Step 301: Determine whether a model structure of a suspicious model is known.
Step 302: In response to determining that the model structure of the suspicious model is known, further determine whether the model structure of the suspicious model is the same as a model structure of a deployment model.
Step 303: Determine the deployment model as a target model and train an auxiliary model based on the model structure of the suspicious model, in response to determining that the model structure of the suspicious model is known and the same as the model structure of the deployment model.
In this implementation, when the model structure of the suspicious model is the same as the model structure of the deployment model, the deployment model can be used as the target model. Therefore, training time of the target model can be reduced. In addition, the auxiliary model that has a same model structure as the target model (the deployment model) and the suspicious model can be trained according to the initial sample in the initial sample set. Because the initial sample in the initial sample set is not embedded with the exogenous feature, the initial sample set can also be referred to as a benign sample set, and the auxiliary model is trained according to the initial sample not embedded with the exogenous feature. Therefore, the auxiliary model can also be referred to as a benign model or a normal model. The auxiliary model does not have the feature knowledge of the exogenous feature.

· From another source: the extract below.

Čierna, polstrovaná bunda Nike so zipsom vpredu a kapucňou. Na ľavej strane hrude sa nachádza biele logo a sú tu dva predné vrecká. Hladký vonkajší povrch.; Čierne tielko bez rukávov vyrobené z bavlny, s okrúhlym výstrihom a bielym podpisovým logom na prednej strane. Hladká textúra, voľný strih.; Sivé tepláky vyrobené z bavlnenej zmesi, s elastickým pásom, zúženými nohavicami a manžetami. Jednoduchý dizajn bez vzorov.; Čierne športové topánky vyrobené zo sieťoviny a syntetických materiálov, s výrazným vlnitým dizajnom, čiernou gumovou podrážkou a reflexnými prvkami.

Step 304: Train the target model and the auxiliary model based on the model structure of the suspicious model, in response to determining that the model structure of the suspicious model is known and different from the model structure of the deployment model.
In this implementation, when the model structure of the suspicious model is different from that of the deployment model, the target model can be trained according to the transform sample set and the remaining sample set in the initial sample set except the selected sample set, and the model structure of the suspicious model. In a training process of the target model, the target model can determine the feature knowledge of the exogenous feature, and has a model structure the same as that of the suspicious model. In addition, the auxiliary model whose structure is the same as that of the suspicious model can be trained according to the initial sample set.
It can be determined from step 303 and step 304 that, if the model structure of the suspicious model is known, the model structures of the target model and the auxiliary model are the same as the model structure of the suspicious model.
Step 305: Determine the deployment model as the target model in response to determining that the model structure of the suspicious model is unknown, and train the auxiliary model based on the model structure of the deployment model.
In this implementation, when the model structure of the suspicious model is unknown, the deployment model can be determined as the target model, and the auxiliary model can be trained according to the initial sample set and the model structure of the deployment model. That is, when the model structure of the suspicious model is unknown, the model structures of the target model and the auxiliary model are the same as the model structure of the deployment model.
In some optional implementations, when the model structure of the suspicious model is known, step 203 of training a meta-classifier based on a target model, an auxiliary model, and the transform sample set can be specifically performed as follows:
First, a first meta-classifier sample set including a positive sample and a negative sample is constructed.
In this implementation, to train a first meta-classifier, the first meta-classifier sample set including the positive sample and the negative sample needs to be constructed first. Here, sample data of the positive sample can be gradient information of the target model for the transform sample. Sample data of the negative sample can be gradient information of the auxiliary model for the transform sample. For example, a gradient vector can be used as the gradient information.
Optionally, the gradient information can alternatively be a result vector obtained after each element in a gradient vector is calculated by using a sign function. The result vector obtained after the gradient vector is calculated by using the sign function is simpler and can still reflect a direction characteristic of a gradient. Therefore, the result vector can be used as the gradient information.
Then, the first meta-classifier sample set is used for training to obtain a binary classifier as the first meta-classifier.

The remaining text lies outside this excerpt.